■ COLLECTED MATERIAL ■
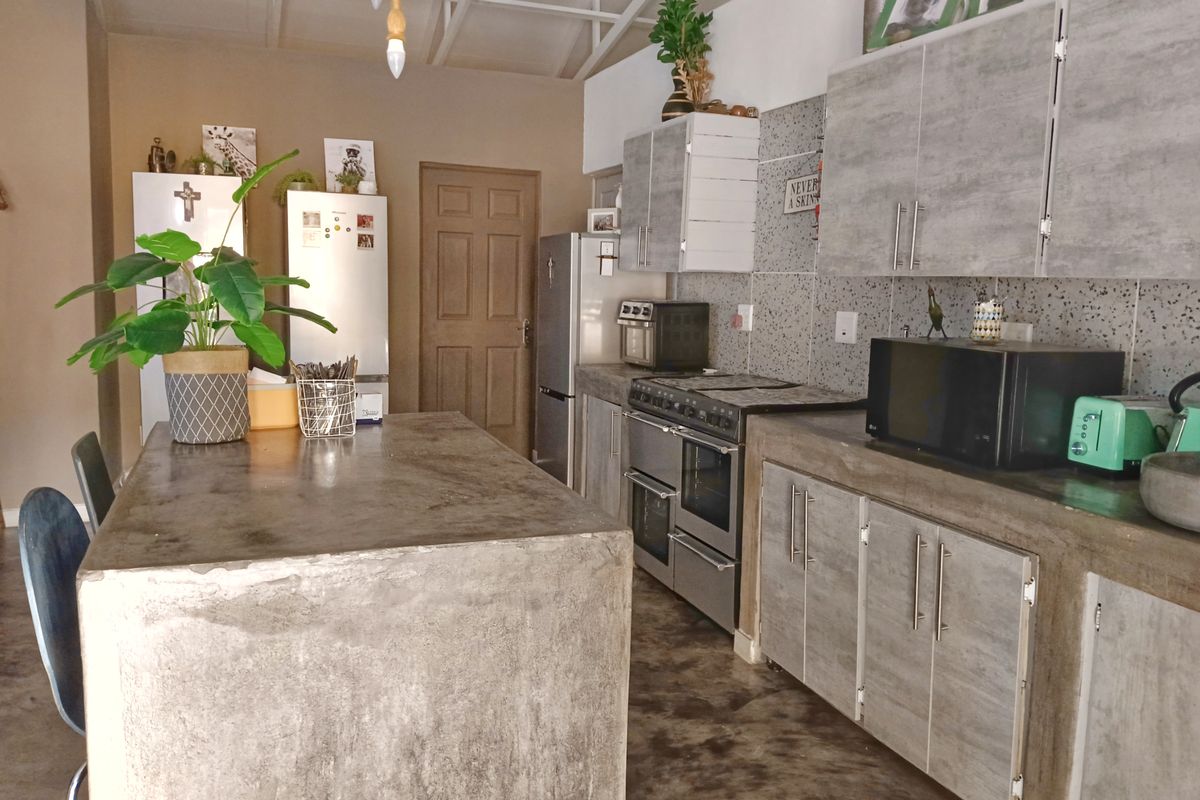 A rustic-style kitchen featuring concrete countertops, a central concrete island, laminated cabinetry, and exposed roof trusses.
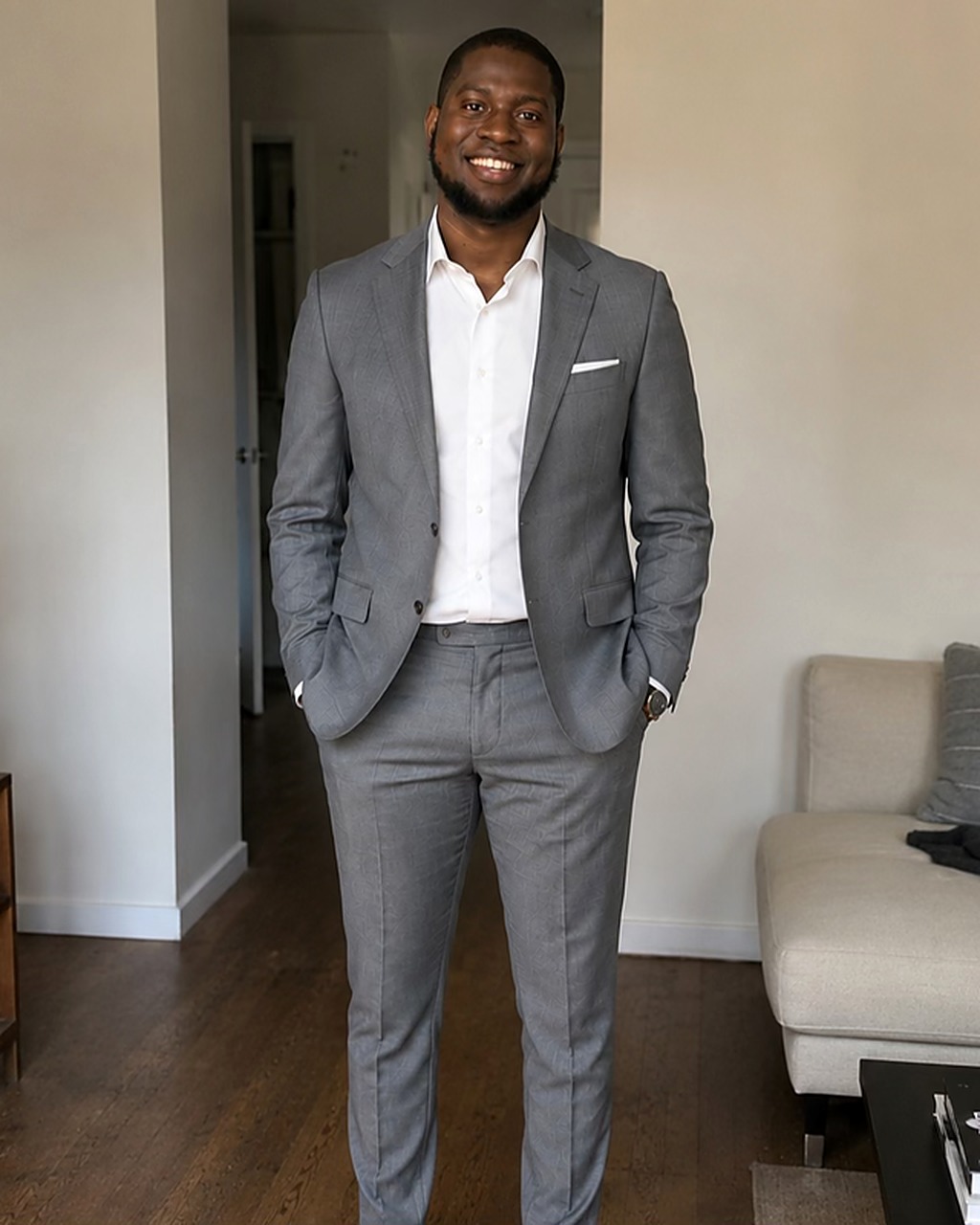 Jahmone Salmon in a grey suit
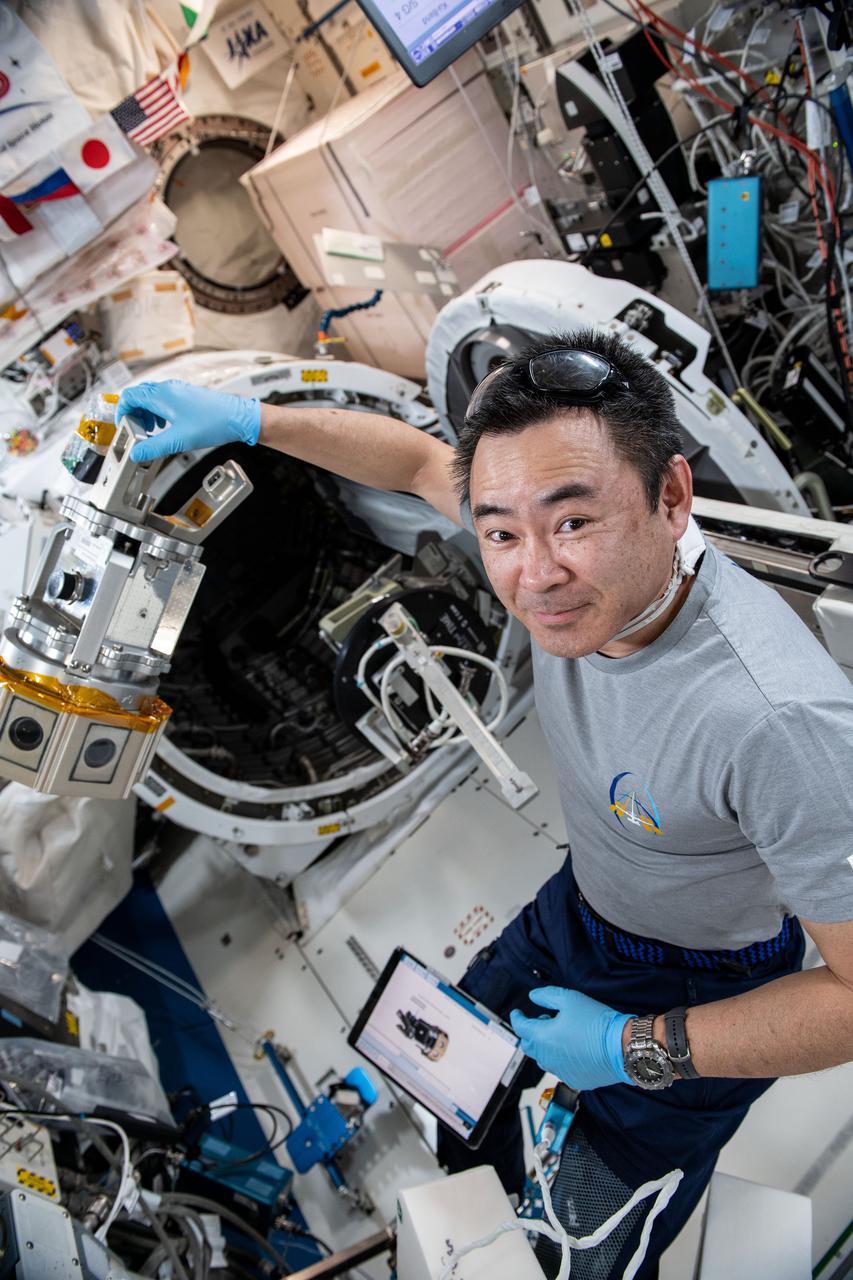 iss065e248599 (Aug. 16, 2021) --- Expedition 65 Commander Akihiko Hoshide of the Japan Aerospace Exploration Agency (JAXA) works in the Kibo laboratory module setting up a cinematic virtual reality (VR) camera to film station activities. The immersive ISS Experience VR series documents a variety of crew activities aboard the International Space Station for audiences on Earth.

■ REQUIREMENT ■
Skip every picture, and give the rest of the material above again exactly.

■ EXERCISE OUTPUT ■
 A rustic-style kitchen featuring concrete countertops, a central concrete island, laminated cabinetry, and exposed roof trusses.
 Jahmone Salmon in a grey suit
 iss065e248599 (Aug. 16, 2021) --- Expedition 65 Commander Akihiko Hoshide of the Japan Aerospace Exploration Agency (JAXA) works in the Kibo laboratory module setting up a cinematic virtual reality (VR) camera to film station activities. The immersive ISS Experience VR series documents a variety of crew activities aboard the International Space Station for audiences on Earth.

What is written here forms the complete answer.